WORK TO BE COMPLETED
In the material below, the lines between the one holding "3 Sewanee Summit Road Decherd TN 37324" and the one holding "ishiningyo's tweet photo.", inclusive, are to be set down word for word. Pictures stay out.

EXTRACTED ENTRIES
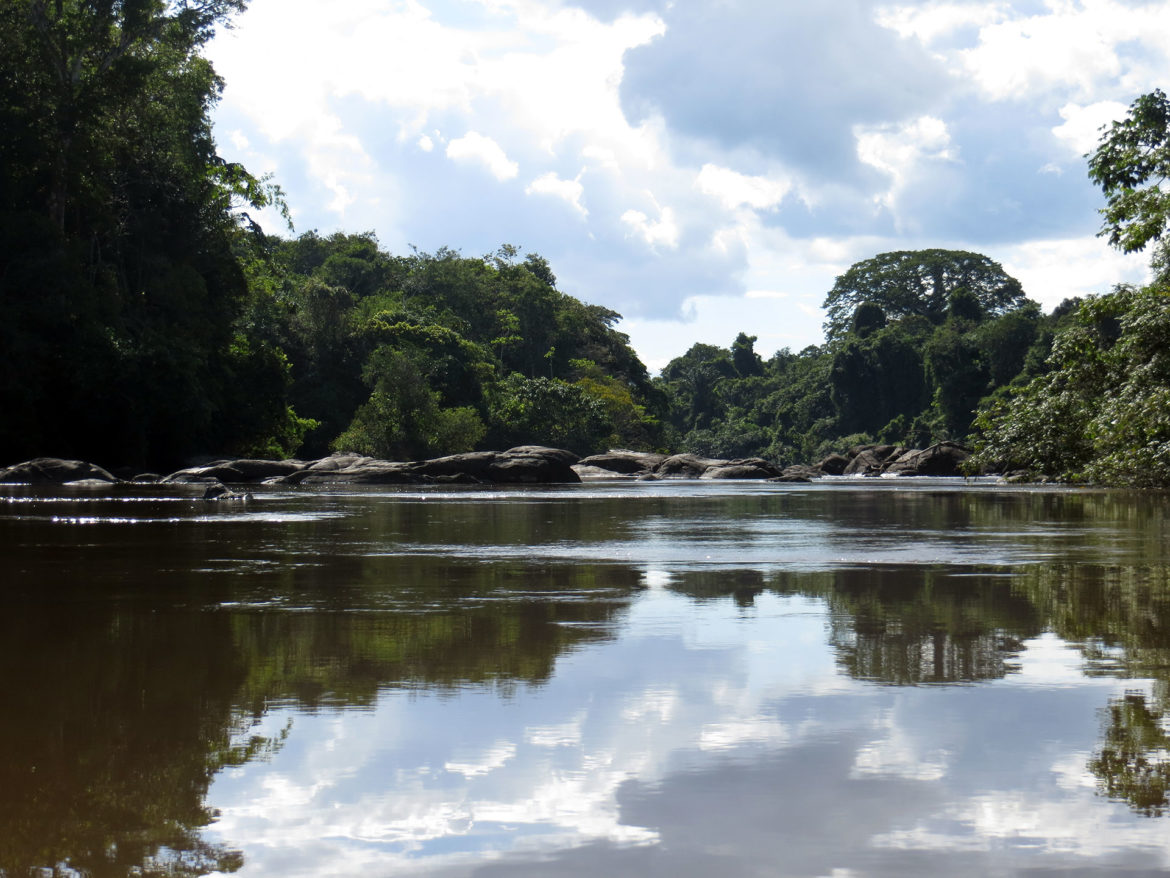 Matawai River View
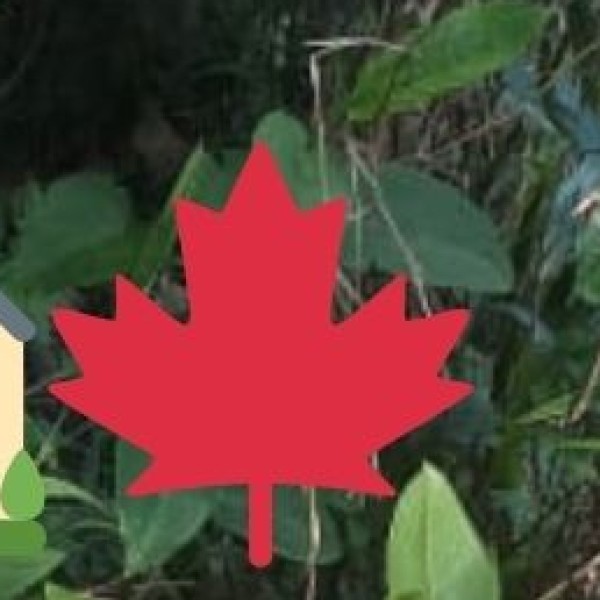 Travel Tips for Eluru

==

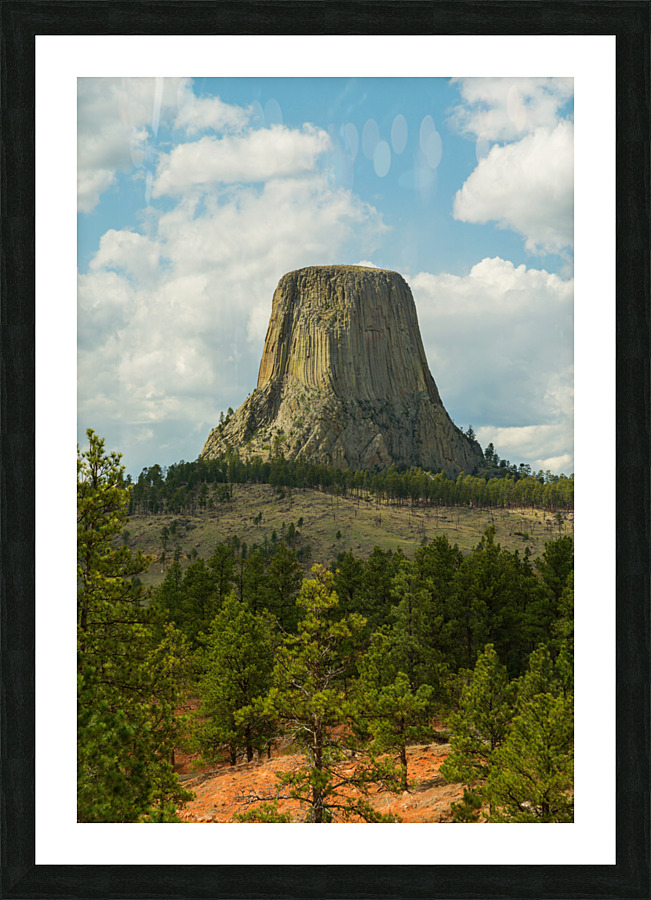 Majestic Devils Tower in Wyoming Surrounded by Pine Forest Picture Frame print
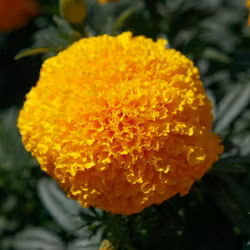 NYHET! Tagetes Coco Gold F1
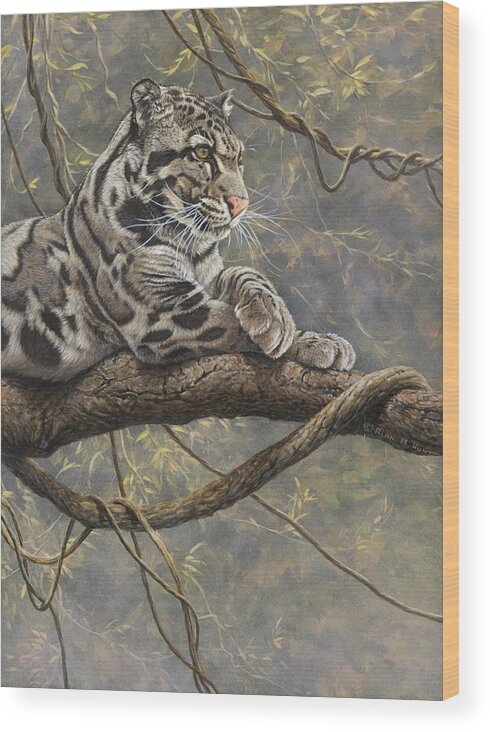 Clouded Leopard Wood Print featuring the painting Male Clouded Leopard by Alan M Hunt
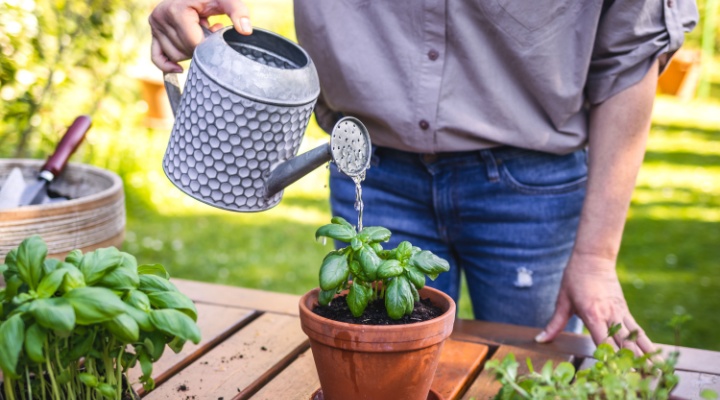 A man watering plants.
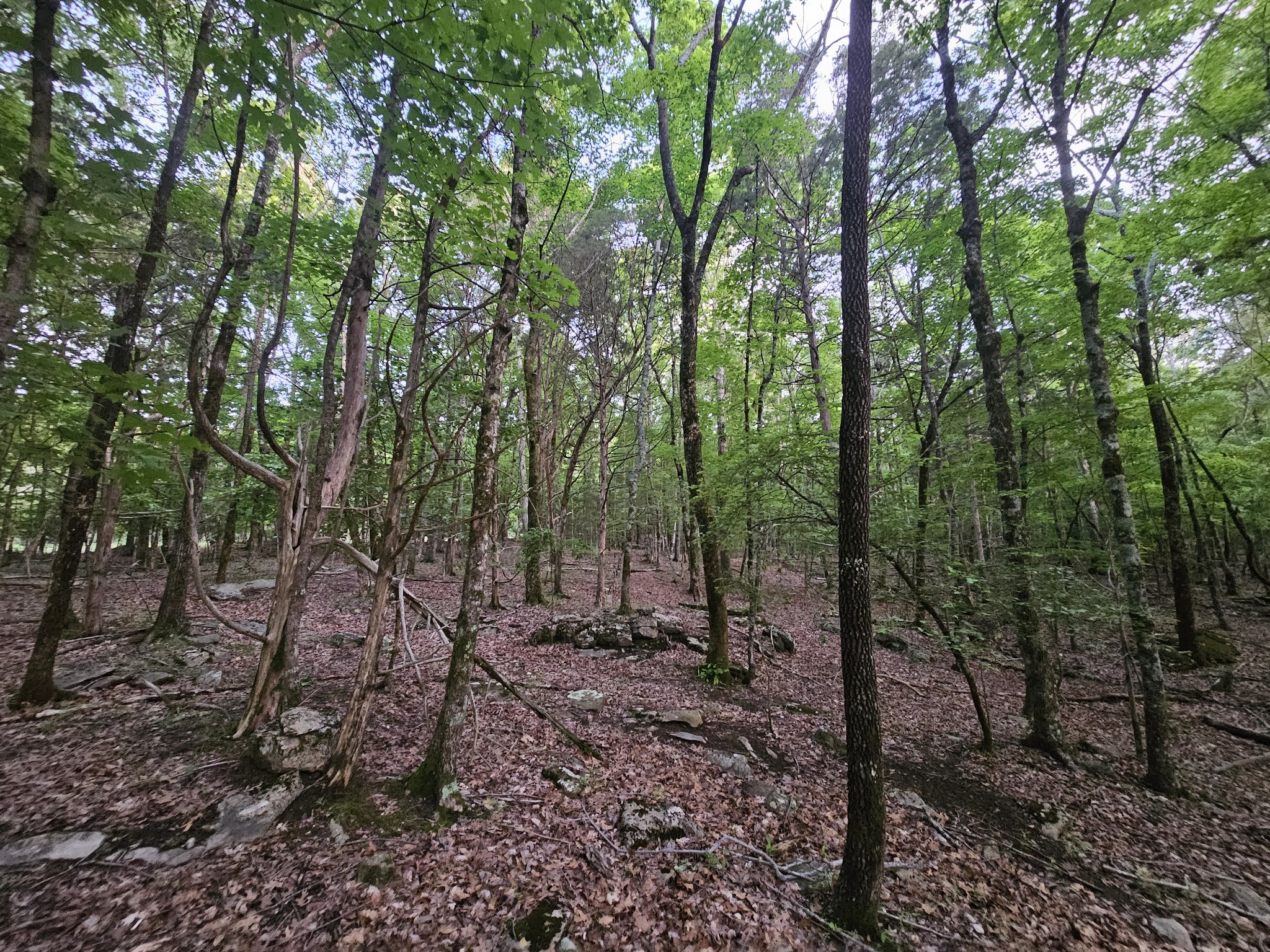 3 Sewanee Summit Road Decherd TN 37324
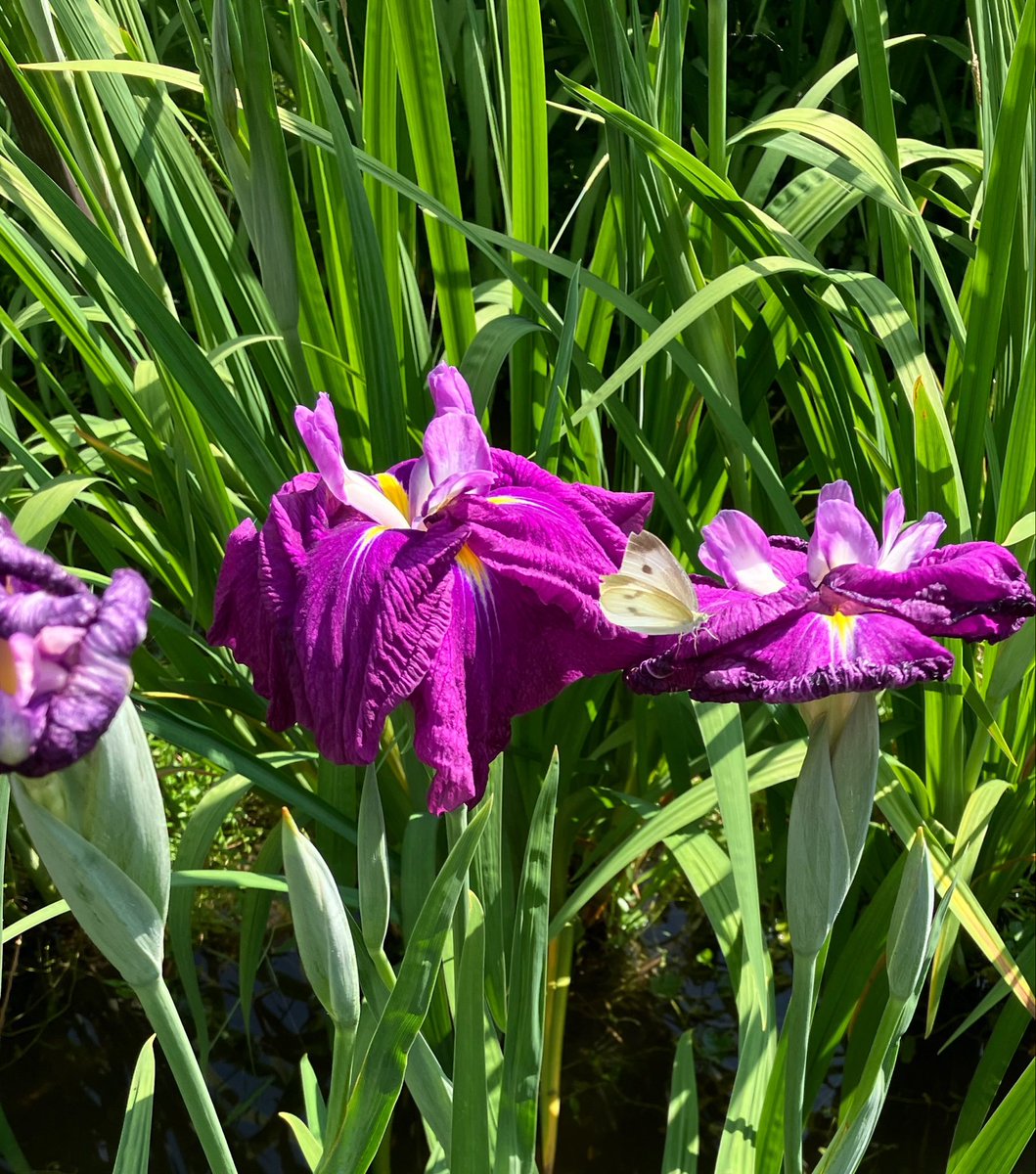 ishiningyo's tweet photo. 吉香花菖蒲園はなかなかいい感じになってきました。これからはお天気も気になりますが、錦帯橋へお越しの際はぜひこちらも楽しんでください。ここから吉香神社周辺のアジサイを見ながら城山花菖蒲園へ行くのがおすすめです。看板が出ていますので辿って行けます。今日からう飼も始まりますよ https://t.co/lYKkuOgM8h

* * *

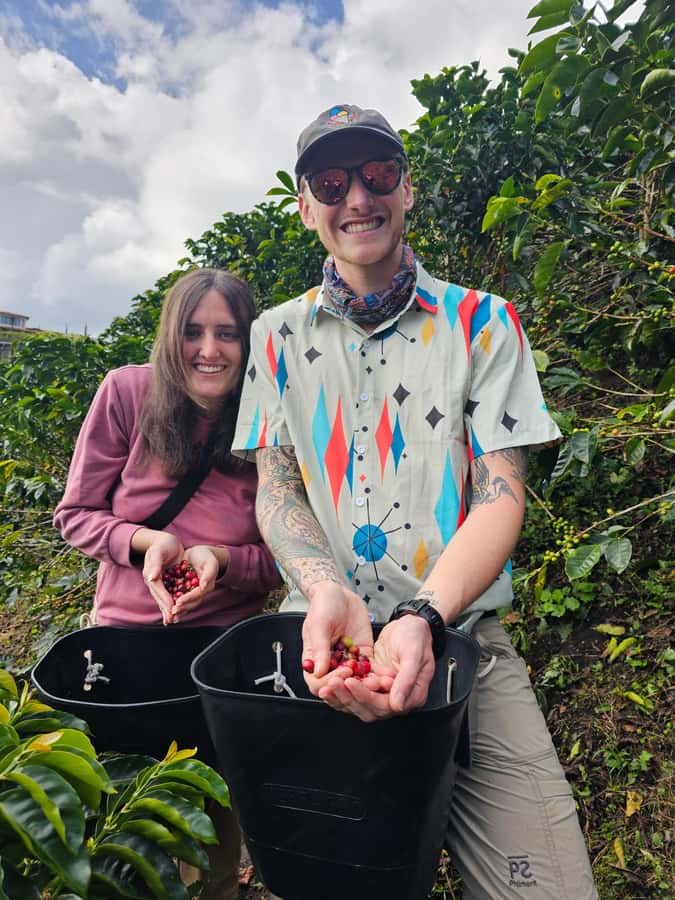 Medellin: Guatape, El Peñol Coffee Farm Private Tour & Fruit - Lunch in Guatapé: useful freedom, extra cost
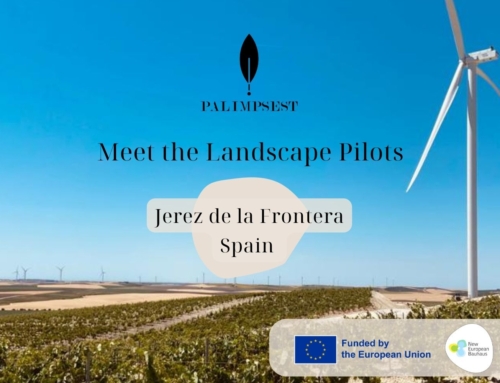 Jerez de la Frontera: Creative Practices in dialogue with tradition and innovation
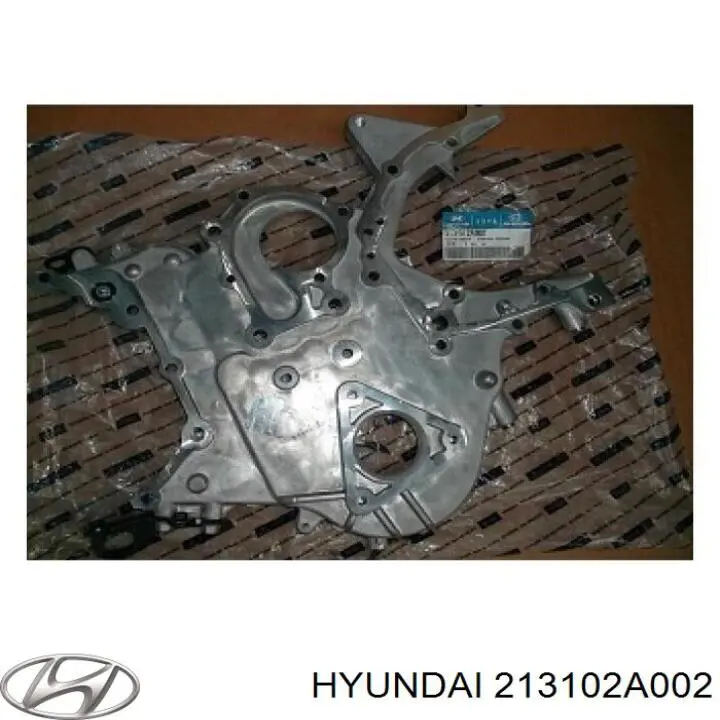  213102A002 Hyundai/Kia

ANSWER SECTION
 3 Sewanee Summit Road Decherd TN 37324
 ishiningyo's tweet photo. 吉香花菖蒲園はなかなかいい感じになってきました。これからはお天気も気になりますが、錦帯橋へお越しの際はぜひこちらも楽しんでください。ここから吉香神社周辺のアジサイを見ながら城山花菖蒲園へ行くのがおすすめです。看板が出ていますので辿って行けます。今日からう飼も始まりますよ https://t.co/lYKkuOgM8h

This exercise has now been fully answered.